The High Voltage Capacitor

By
E. Benson Scott, II, M.D.

107 Contempo
West Monroe
Louisiana 71291

The high voltage capacitor in Tesla coil circuits is frequently neglected. It may seem more expeditious to adjust the coil windings, spacing, or voltage, than to begin with the capacitor of sufficient capacity. The capacitor may be placed in series or across the circuit in parallel. This was briefly discussed in TCBA SEWS of Volume II, #1, 1983, as well as in Colorado Notes, page 403 (see question 1 of this issue, “Input/Output” column). Without getting into resonant effects, I will briefly discuss the capacitor component.

Any two metal plates placed in close proximity to each other and connected to a battery will produce a charge between the plates. The plates remain charged even though no current flows through the circuit. With this in mind, we can think of the capacitor as a device to store electricity. The charge which a capacitor develops is proportional to the voltage and the ability of the capacitor to hold a charge. This ability to hold a charge is termed capacitance. The larger the plate area and the smaller the space in between the plates, the greater the capacitance. The capacitance also depends upon the kind of insulating material between the plates. The material between the plates is called dielectric and the relationship it has to holding a charge is termed the dielectric constant. Air has a reference dielectric constant of 1, glass a dielectric constant of 7.8, and titanium 140.

Plates can be stacked together alternating connections to every other plate to form a multiple plate capacitor - with additional capacity added with each pair of plates attached. The unit of capacitance is the farad. This is usually too large a measurement so the microfarad (uF) (1/1,000,000 farad) is used. One microfarad is equal to one picofarad.
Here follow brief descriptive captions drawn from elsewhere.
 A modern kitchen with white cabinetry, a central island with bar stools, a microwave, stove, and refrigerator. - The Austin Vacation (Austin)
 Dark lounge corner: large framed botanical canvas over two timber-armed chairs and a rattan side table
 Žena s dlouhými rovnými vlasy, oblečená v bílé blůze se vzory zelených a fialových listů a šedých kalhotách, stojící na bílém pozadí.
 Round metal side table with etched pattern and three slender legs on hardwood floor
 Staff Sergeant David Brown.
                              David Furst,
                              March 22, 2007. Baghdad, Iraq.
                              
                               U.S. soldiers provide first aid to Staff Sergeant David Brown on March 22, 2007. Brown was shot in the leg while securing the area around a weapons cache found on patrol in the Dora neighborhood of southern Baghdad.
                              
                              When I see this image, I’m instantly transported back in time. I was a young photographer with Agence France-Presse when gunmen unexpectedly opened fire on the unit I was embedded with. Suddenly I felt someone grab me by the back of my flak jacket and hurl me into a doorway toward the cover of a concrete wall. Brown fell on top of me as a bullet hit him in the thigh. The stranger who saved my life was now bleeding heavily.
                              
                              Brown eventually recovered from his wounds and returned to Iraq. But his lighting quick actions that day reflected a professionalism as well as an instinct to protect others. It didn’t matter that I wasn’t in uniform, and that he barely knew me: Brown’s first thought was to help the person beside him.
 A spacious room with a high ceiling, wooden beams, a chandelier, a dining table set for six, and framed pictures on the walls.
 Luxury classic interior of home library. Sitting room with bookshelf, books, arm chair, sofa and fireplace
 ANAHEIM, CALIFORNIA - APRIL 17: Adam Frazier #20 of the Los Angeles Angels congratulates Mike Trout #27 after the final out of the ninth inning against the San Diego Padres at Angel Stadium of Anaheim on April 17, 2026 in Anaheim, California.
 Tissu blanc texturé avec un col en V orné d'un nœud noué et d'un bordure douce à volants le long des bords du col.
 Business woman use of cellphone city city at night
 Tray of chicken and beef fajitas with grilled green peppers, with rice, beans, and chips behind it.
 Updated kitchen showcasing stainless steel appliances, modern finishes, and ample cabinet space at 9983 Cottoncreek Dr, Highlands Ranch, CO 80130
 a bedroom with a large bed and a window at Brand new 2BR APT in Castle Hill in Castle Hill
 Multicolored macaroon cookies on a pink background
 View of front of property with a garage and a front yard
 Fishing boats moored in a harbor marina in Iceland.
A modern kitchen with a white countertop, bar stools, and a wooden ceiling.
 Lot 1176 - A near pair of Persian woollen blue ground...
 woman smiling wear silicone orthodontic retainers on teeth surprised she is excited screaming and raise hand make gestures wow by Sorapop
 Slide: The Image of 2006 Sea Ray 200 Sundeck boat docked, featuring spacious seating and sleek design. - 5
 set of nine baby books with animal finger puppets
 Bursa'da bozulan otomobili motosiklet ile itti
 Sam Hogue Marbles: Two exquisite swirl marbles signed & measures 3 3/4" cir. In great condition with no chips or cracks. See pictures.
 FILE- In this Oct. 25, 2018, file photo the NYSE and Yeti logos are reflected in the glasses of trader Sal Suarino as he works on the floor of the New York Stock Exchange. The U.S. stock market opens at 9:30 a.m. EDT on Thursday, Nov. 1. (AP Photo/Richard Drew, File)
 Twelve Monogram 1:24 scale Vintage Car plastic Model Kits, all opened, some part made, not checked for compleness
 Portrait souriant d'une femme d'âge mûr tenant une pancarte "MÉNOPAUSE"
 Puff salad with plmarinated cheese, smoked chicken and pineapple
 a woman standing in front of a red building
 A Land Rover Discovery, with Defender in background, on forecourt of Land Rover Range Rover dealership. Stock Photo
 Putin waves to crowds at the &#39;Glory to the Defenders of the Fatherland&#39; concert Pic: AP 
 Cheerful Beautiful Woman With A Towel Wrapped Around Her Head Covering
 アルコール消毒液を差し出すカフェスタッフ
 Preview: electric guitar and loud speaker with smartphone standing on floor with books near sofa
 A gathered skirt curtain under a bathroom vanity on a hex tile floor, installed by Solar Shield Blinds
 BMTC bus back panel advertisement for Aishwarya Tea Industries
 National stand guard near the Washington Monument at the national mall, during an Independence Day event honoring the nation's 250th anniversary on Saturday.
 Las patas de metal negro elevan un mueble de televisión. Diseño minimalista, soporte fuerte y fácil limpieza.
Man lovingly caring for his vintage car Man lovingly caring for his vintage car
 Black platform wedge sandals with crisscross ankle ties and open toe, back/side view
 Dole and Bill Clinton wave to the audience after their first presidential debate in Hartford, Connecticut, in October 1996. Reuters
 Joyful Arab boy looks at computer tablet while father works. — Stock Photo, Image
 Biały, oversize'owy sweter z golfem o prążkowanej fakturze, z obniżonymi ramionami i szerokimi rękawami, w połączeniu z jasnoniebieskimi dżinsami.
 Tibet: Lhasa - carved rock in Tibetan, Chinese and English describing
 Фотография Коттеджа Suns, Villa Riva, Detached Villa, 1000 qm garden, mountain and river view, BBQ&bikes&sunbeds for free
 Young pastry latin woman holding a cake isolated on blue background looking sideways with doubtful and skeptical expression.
In dealing with high voltage circuits, the breakdown voltage is important. We do not want the capacitor to spark and lose its charge. This depends upon the thickness as well as the character of the dielectric. This voltage is not directly proportional to the thickness because doubling the thickness does not quite double the breakdown voltage (but would be close for practical purposes). Simply put, to withstand high voltage, the dielectric must be thicker, but the thicker the dielectric, the smaller the capacitance for a given area. A high voltage capacitor must have more plate area than a low voltage capacitor of the same capacitance. This normally makes for a physically large device.

The formula for determining the capacitance is C=0.224 x K x A/d (n-1). C is the capacitance in picofarads, K is the dielectric constant of the material between the plates, A is the area of one side of one plate in square inches, d is a separation of plate surfaces in inches and n is the number of plates used. A table of dielectric constants /breakdown voltages per .001" is given at the end of this article.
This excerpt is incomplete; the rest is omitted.